In some men with clinically localized prostate cancer, prostatectomy is associated with a survival advantage, according to results of two long-term studies presented at the 2006 Annual Meeting of the American Urological Association.
ATLANTAIn some men with clinically localized prostate cancer, prostatectomy is associated with a survival advantage, according to results of two long-term studies presented at the 2006 Annual Meeting of the American Urological Association.
After an average follow-up of 11.8 years in the first study (abstract 652), surgery provided a survival advantage over radiation therapy or observation after adjusting for confounding factors. Radiation therapy appeared to provide little or no benefit over observation. "Data from randomized trials initiated in the PSA era are just unavailable to compare outcomes from surgery, radiation, or observation, yet these are the treatment options that many men have to face," said Peter C. Albertsen, MD, University of Connecticut Health Center, Farmington.

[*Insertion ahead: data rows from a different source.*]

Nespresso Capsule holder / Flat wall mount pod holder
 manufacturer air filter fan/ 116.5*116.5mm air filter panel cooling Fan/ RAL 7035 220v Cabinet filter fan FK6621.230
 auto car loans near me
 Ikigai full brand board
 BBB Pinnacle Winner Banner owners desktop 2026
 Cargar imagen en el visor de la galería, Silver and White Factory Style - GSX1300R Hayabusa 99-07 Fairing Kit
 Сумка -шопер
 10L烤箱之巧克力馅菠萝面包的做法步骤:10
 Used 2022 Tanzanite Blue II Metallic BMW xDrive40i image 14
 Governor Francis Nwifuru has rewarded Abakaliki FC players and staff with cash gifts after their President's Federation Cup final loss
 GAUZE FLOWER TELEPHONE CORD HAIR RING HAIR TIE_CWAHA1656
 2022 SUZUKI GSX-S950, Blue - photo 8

Dr. Albertsen's retrospective population-based study evaluated 1,618 men diagnosed in Connecticut from 1990 to 1992. The investigators analyzed overall survival, cancer-specific survival, and case fatality rates during the 13 years after surgery (n = 802), external beam radiation (n = 702), or observation (n = 114). Patients receiving surgery were younger than those who received radiation or observation, with a median age in each treatment arm of 65, 71, and 70 years, respectively, and they had fewer comorbidities.
Among the patients treated with surgery, 8% died of prostate cancer vs 18% of the radiation patients and 16% of those who were observed. The survival benefit with surgery was seen in patients with low-, intermediate-, and high-risk disease based on D'Amico risk category.
Dr. Albertsen noted that today's patient populations differ from the study cohort due to repeated PSA testing. Moreover, this study is subject to the limitations of a retrospective analysis. He also mentioned that methods of radiation have improved since the early 1990s when the procedures in this study were done.
The other long-term study (abstract 646) evaluated survival during a median follow-up of 22 years after surgery for localized prostate cancer. The cohort included 849 men who underwent radical prostatectomy between 1971 and 1984, and 767 watchful waiting patients.
Prostatectomy provided a survival advantage over watchful waiting in men with intermediate- and high-grade tumors (Gleason score of at least 6) at each age group tested (55-59 up to 70-74 at diagnosis). Men continued to die of prostate cancer many years after treatment. "Many patients die of prostate cancer even 15, 20, and up to 25 years after being treated. So studies with shorter follow-up simply are missing many of the events," said Brant A. Inman, MD, of the Mayo Clinic, Rochester, Minnesota.
Compared with the surgery patients, the watchful waiting cohort was older (median age, 69 vs 65) and had more comorbidities (24% vs 11% with Charlson score 2+). However, the prostatectomy patients appeared to have more severe disease than the watchful waiting cohort, according to the proportion diagnosed with biopsy (87% vs 26%), proportion with elevated acid phosphatase (89% vs 47%), and clinical stage (proportion with cT2, 75% vs 15%). Moreover, 24% of these patients had positive nodes. The investigators saw little age effect on the NNT (number needed to treat), determined for each age group and biopsy Gleason score. Moreover, only half of patients with PSA recurrence died from prostate cancer. As with the other long-term study, these results should be considered in the context of the pre-PSA era in which the men were diagnosed and treated, Dr. Inman said.